The State charged Rhodes with Operating While Intoxicated (OWI) as a Class A misdemeanor[1] with an enhancement to a *1251 Class D felony for OWI with a prior conviction,[2] and Operating a Motor Vehicle While Privileges Are Suspended as a Habitual Traffic Violator (HTV).[3] Rhodes's jury trial was held on August 15, 2001. At trial, Rhodes and Ralston both testified that Ralston had been driving the car. Nevertheless, the jury returned guilty verdicts on both counts. After the jury returned its verdicts, Rhodes entered a guilty plea to the Class D felony OWI enhancement. On September 11, 2001, the trial court sentenced Rhodes to executed sentences of two years on both counts with the sentences to run concurrently. This appeal ensued.
Discussion and Decision
Rhodes argues that he was deprived of his right to a fair trial because of the extensive introduction of improper character evidence including the introduction of Rhodes's entire driving record and testimony concerning a separate incident in which Rhodes operated a motor vehicle while his driving privileges were suspended. In addition, Rhodes asserts that there was insufficient evidence to support his convictions.
I. Admissibility of Character Evidence
Rhodes argues that he was deprived of his right to a fair trial because improper character evidence was admitted, which allowed the jury in his case to learn of other misconduct beside that for which he was on trial. The admissibility of evidence is within the sound discretion of the trial court, and the decision whether to admit evidence will not be reversed absent a showing of manifest abuse of the trial court's discretion resulting in the denial of a fair trial. Dumes v. State, 718 N.E.2d 1171, 1174 (Ind.Ct.App.1999), supplemented on reh'g by 723 N.E.2d 460 (Ind.Ct.App. 2000). In determining admissibility of evidence, the reviewing court will only consider the evidence in favor of the trial court's ruling and unrefuted evidence in the defendant's favor. Id.

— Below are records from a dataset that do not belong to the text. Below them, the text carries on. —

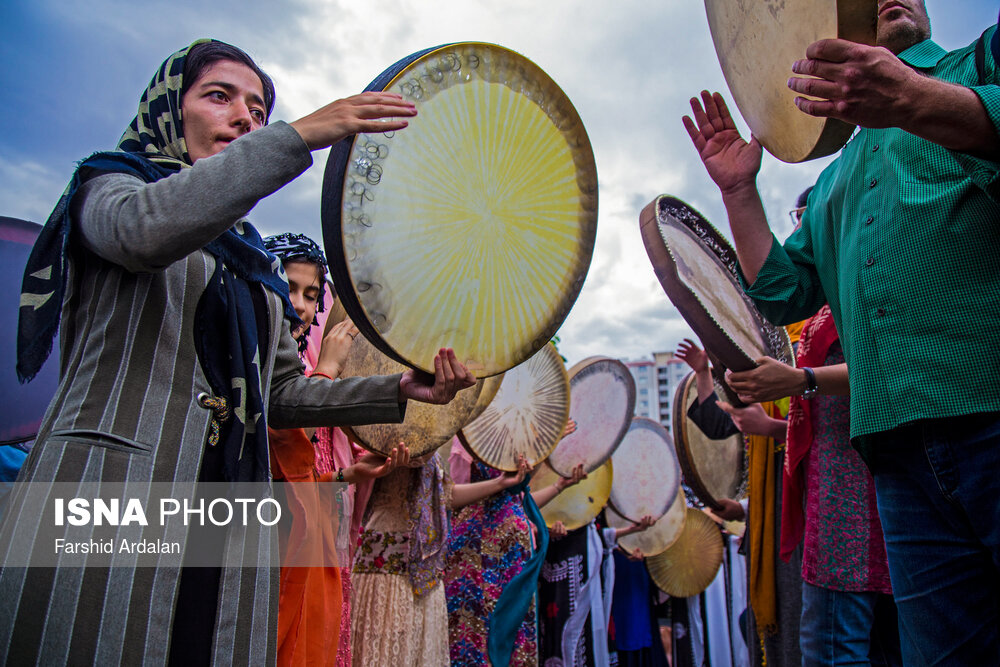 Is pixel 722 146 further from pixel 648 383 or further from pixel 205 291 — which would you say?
pixel 648 383

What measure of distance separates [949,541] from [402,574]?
243cm

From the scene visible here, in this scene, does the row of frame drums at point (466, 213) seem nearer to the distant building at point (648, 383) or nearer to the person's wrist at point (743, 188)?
the person's wrist at point (743, 188)

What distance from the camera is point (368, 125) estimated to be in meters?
1.34

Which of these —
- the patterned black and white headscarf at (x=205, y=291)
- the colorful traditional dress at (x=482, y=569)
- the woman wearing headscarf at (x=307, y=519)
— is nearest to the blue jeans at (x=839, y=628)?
the woman wearing headscarf at (x=307, y=519)

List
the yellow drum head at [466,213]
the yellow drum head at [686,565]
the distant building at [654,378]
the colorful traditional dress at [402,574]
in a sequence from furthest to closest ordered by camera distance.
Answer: the distant building at [654,378]
the yellow drum head at [686,565]
the colorful traditional dress at [402,574]
the yellow drum head at [466,213]

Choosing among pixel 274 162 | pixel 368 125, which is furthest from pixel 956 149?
pixel 274 162

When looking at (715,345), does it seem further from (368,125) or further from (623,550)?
(623,550)

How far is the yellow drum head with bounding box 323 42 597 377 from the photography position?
1.43m

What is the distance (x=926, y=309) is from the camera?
135cm

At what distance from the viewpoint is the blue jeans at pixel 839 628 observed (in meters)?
1.88

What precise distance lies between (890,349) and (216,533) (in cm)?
149

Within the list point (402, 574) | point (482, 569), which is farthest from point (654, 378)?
point (402, 574)

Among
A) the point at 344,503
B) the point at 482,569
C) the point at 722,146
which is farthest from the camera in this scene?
the point at 482,569

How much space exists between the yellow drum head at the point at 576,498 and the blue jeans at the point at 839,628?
3193 mm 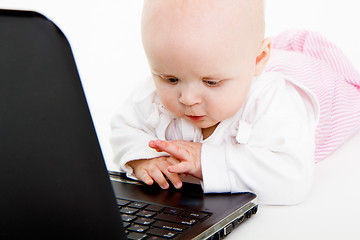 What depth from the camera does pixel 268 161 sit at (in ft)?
3.18

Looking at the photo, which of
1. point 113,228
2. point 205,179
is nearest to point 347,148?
point 205,179

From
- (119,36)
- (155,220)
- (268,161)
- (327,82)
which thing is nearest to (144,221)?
(155,220)

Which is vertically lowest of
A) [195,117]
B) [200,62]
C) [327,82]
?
[327,82]

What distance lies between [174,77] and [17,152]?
52 centimetres

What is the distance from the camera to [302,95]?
→ 118 centimetres

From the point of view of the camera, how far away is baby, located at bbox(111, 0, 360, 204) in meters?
0.91

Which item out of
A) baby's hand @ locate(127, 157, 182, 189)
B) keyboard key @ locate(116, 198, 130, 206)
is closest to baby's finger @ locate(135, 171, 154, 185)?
baby's hand @ locate(127, 157, 182, 189)

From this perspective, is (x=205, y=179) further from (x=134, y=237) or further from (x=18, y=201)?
(x=18, y=201)

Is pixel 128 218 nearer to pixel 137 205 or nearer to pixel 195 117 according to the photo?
pixel 137 205

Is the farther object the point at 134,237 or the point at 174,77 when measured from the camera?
the point at 174,77

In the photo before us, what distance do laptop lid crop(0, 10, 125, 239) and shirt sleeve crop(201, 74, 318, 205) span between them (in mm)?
473

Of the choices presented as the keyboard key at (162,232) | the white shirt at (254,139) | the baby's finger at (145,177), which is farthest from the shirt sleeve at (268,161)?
the keyboard key at (162,232)

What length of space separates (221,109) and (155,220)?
30 cm

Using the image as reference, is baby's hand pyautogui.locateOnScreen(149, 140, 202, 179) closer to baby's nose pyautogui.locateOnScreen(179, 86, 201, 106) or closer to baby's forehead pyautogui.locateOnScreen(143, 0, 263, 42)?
baby's nose pyautogui.locateOnScreen(179, 86, 201, 106) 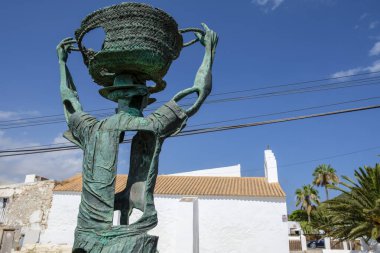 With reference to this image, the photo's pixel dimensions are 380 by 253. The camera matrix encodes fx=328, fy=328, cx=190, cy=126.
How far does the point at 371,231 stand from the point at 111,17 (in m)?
14.9

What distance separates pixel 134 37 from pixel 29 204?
21165mm

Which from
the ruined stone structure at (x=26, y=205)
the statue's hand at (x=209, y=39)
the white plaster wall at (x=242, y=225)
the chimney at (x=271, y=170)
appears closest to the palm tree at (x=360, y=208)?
the white plaster wall at (x=242, y=225)

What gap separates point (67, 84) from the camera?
10.5 ft

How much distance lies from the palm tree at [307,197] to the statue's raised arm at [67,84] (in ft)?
118

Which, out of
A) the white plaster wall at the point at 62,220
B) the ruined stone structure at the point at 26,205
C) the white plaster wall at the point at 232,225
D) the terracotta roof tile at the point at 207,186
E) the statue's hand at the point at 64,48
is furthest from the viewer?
the ruined stone structure at the point at 26,205

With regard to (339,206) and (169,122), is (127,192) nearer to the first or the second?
(169,122)

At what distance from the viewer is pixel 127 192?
2.76m

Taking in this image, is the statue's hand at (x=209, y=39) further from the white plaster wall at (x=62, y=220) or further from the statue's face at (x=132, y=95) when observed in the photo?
the white plaster wall at (x=62, y=220)

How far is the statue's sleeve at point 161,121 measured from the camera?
8.80 feet

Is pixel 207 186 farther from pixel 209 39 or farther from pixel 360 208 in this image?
pixel 209 39

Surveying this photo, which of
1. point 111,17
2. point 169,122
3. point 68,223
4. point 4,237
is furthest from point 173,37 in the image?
point 68,223

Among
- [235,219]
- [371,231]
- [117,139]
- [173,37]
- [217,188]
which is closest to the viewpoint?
[117,139]

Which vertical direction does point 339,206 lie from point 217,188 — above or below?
below

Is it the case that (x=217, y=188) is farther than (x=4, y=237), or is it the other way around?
(x=217, y=188) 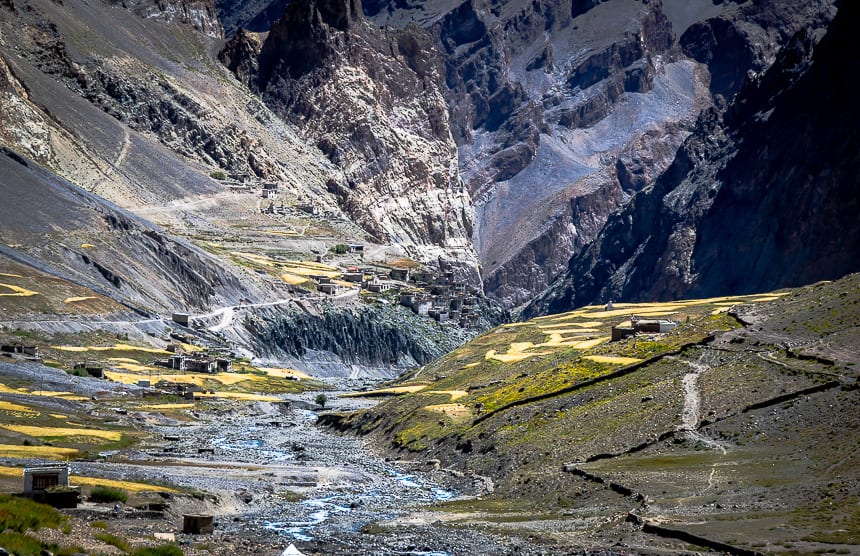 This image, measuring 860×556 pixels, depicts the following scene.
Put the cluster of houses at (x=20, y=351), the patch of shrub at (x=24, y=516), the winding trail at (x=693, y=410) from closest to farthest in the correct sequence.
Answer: the patch of shrub at (x=24, y=516) → the winding trail at (x=693, y=410) → the cluster of houses at (x=20, y=351)

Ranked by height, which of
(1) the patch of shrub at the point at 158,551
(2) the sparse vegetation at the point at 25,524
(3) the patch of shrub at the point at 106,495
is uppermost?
(3) the patch of shrub at the point at 106,495

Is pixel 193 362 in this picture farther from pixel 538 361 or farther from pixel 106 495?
pixel 106 495

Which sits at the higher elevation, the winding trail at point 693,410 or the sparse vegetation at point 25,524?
the winding trail at point 693,410

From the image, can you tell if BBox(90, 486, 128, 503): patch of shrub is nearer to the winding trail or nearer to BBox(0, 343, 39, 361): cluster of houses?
the winding trail

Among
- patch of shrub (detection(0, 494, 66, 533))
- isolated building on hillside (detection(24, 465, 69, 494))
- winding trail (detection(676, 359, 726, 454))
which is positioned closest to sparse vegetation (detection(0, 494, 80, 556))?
patch of shrub (detection(0, 494, 66, 533))

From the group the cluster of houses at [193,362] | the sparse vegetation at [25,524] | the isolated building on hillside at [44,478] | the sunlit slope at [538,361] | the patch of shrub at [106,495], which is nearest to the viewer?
the sparse vegetation at [25,524]

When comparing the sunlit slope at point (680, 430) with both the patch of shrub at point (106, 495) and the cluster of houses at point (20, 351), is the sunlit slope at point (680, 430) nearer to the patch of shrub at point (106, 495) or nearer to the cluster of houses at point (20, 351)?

Indiana Evidence Rule 404(b) provides that "[e]vidence of other crimes, wrongs, or acts is not admissible to prove the character of a person in order to show action in conformity therewith. It may, however, be admissible for other purposes, such as proof of motive, intent, preparation, plan, knowledge, identity, or absence of mistake or accident. ..." See also Thompson v. State, 690 N.E.2d 224, 229 (Ind.1997); Dumes, 718 N.E.2d at 1175. The well-established rationale behind Evidence Rule 404(b) is that the jury is precluded from making the "forbidden inference" that the defendant had a criminal propensity and therefore engaged in the charged conduct. Thompson, 690 N.E.2d at 233. Indeed, the prohibition on use of prior misconduct to prove a criminal charge is "a basic tenet of criminal evidence law older than the republic itself." Id. at 235 (quoting Lannan v. State, 600 N.E.2d 1334, 1338 (Ind.1992)).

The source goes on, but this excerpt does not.